- Born: 28 January 1982 (age 44)
- Genres: Pop
- Occupations: Singer; songwriter;
- Instrument: Vocals
- Years active: 1970–present

= Jamie Tinkler =

English singer and songwriter

Jamie Tinkler is an English singer and songwriter. He has had record deals with Jive, Sony/BMG along with Universal Records. Jamie was a contestant on the Eurovision Song for Europe contest, performing live on BBC, and made it to the final 50 of Pop Idol 2003. He had three top 20 UK chart hits with girl/boy band Pop! and was an X Factor finalist with boyband Avenue in 2006.

==In band Level Best for Eurovision==
In 2002, Jamie Tinkler entered the British qualifying competition for Eurovision Song Contest and was part of Level Best, chosen as one of four finalists alongside Surf 'n' Turf (featuring Jonathan Maitland), Tricia Penrose and Pop Idol contestant / finalist Jessica Garlick.

Jamie Tinkler performed with Level Best the song "Every Step of the Way" written by Graham Kearns and Howard New. Garlick won by 70% of the votes. Tinkler and Level Best finished third.

==In Pop Idol==
In 2003, he applied to series 2 of Pop Idol reaching the qualifying semi-finals but did not make it to the final 12 of the competition.

==In band Pop!==
In 2003, Jamie Tinkler became a member of the band Pop! composed of Glenn Ball, Hannah Lewis, and Jade McGuire in addition to Tinkler. The group had three top twenty UK Chart hits and was put together in the summer of 2003 when they were signed by Pete Waterman. to record label Jive the same label as Justin Timberlake, OUTKAST and Brittany Spears.

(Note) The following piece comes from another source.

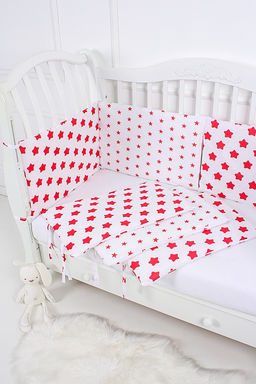 Бортик Веселая мозаика арт. БРК-6П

Pop! released three singles on the Sony/BMG record label, including "Heaven and Earth" (reached No. 14), "Can't Say Goodbye" (reached No. 20) from 2004 and "Serious" (reached No. 16) in 2005. Pop! disbanded in early 2005 after it was revealed Jade McGuire was expecting her first child, the label didn't feel the project could continue with a replacement member.

==In band Avenue==
After one year from split up of Pop!, Jamie joined in 2006 the boy band Avenue that was applying for The X Factor. The group consisted of Max George (now a member of British boy band The Wanted), Jonathan (Jonny) Lloyd, Scott Clarke, Ross Candy and Jamie Tinkler himself. This was Tinkler's third major competition experience after having taken part in Eurovision qualifications and Pop Idol three years earlier. They auditioned by singing an a cappella version of "Leave Right Now", a song by Will Young. Avenue made it through bootcamp landing in the final four in Louis Walsh's category. But after Walsh discovered that Jonathan Lloyd, Jamie Tinkler, Max George, Scott Clarke and Ross Candy were already on a management deal, he disqualified them from the competition, giving Eton Road a chance instead. It was later revealed that Avenue had in fact not broken any rules they had a management deal not a record deal, competition winner Leona Lewis was also represented with a management deal but didn't suffer the same scrutiny.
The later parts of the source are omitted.